John's name is used in the Jonas Brothers' hit song "Lovebug". "No way, John Taylor!" can be heard clearly in the background at 1:05.
Also in the song Burnin' Up.

=== Performances ===
John Taylor has played guitar alongside the Jonas Brothers as they performed with Stevie Wonder, Brad Paisley, Steven Curtis Chapman, Michael W. Smith, Amy Grant, Vince Gill, Dan Aykroyd, Demi Lovato, Jordin Sparks, Jesse McCartney, Taylor Swift, and Miley Cyrus.

=== Television & film ===
Like bandmates Greg Garbowsky, Ryan Liestman and Jack Lawless, John Taylor has performed alongside the Jonas Brothers. He has performed on many television and awards shows, such as the Grammy Awards, Saturday Night Live, Dick Clark's New Year's Rockin' Eve, American Music Awards, Dancing With the Stars, MTV Video Music Awards, The Much Music Video Awards, The Good Morning America Summer Concert Series, the Today Show Summer Concert Series, and FN MTV. He also made several appearances on The Ellen DeGeneres Show and many other talk shows like The Tonight Show with Jay Leno, Jimmy Kimmel Live!, Live with Regis and Kelly, and The Oprah Winfrey Show. He also played at the Disney Channel Kids Inaugural He has appeared in several episodes of Jonas Brothers: Living the Dream with the Jonas Brothers.

He performed in the Hannah Montana & Miley Cyrus: Best of Both Worlds Concert and Jonas Brothers: The 3D Concert Experience.

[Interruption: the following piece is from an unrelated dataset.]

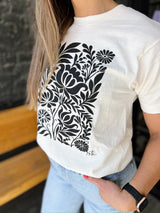 Cream Tee With Black Floral Print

He also featured in episode 5, "Band's Best Friend", of the Jonas Brothers TV series, JONAS as Joe's history teacher.

He appears in Demi Lovato's 2017 YouTube documentary Demi Lovato: Simply Complicated as well as the 2019 Amazon Prime Video documentary Jonas Brothers: Chasing Happiness, which he directed.

== Personal life ==
John Taylor graduated from State College Area High School in State College, Pennsylvania before attending Berklee College of Music and Pennsylvania State University.